Activity »
Output exactly the lines of the listing below that run from the line with "2.76ct Sapphire and Diamond Cluster Ring" through the line with "Racal Men's Face". No pictures.

Input »
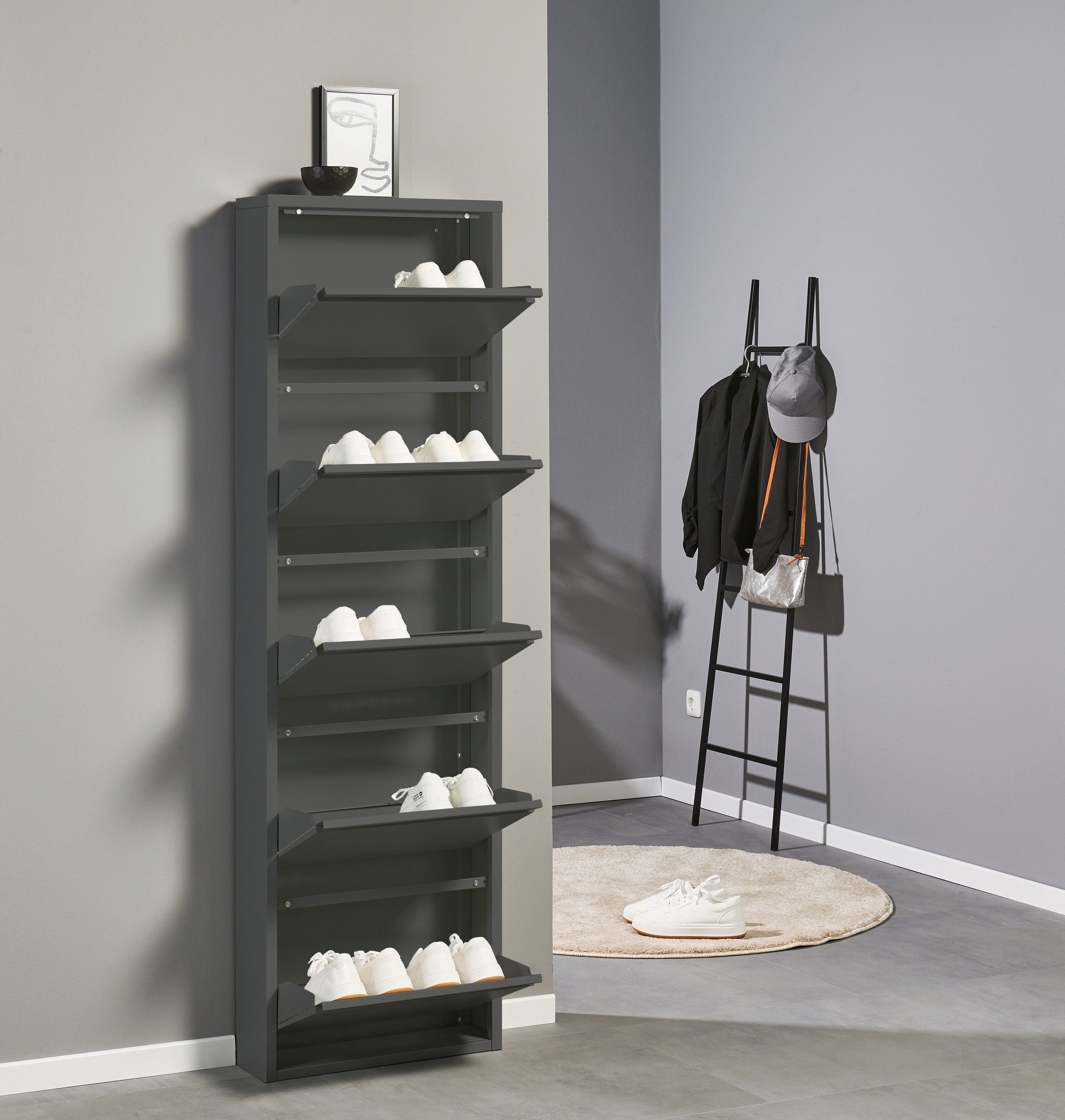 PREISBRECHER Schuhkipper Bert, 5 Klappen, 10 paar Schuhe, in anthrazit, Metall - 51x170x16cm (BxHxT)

...

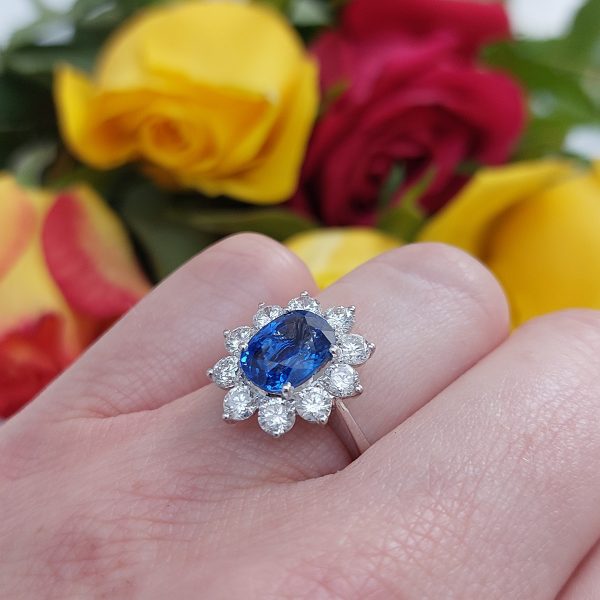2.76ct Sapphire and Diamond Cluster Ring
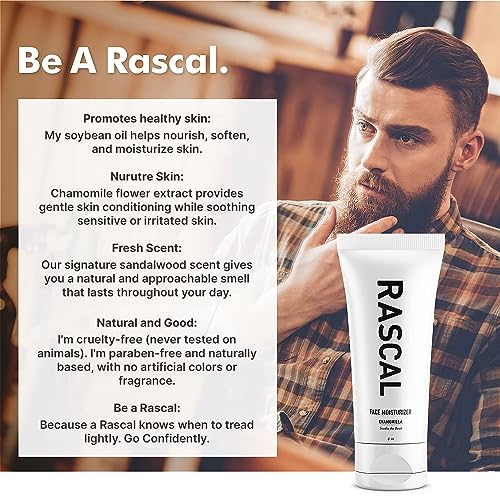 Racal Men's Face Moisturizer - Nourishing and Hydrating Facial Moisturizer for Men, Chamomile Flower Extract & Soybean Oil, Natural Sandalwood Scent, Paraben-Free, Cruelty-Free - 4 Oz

--

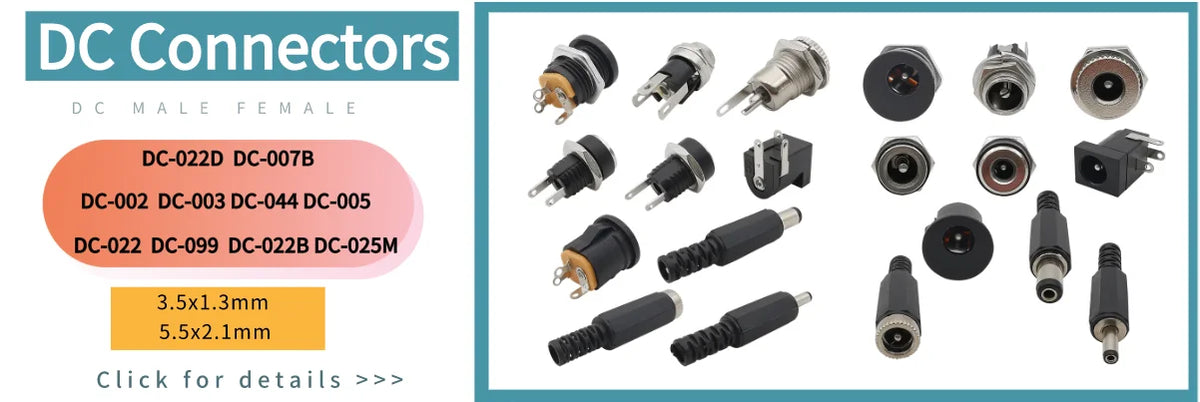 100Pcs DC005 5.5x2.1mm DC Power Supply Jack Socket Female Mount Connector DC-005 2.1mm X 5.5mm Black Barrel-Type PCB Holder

Response »
2.76ct Sapphire and Diamond Cluster Ring
 Racal Men's Face Moisturizer - Nourishing and Hydrating Facial Moisturizer for Men, Chamomile Flower Extract & Soybean Oil, Natural Sandalwood Scent, Paraben-Free, Cruelty-Free - 4 Oz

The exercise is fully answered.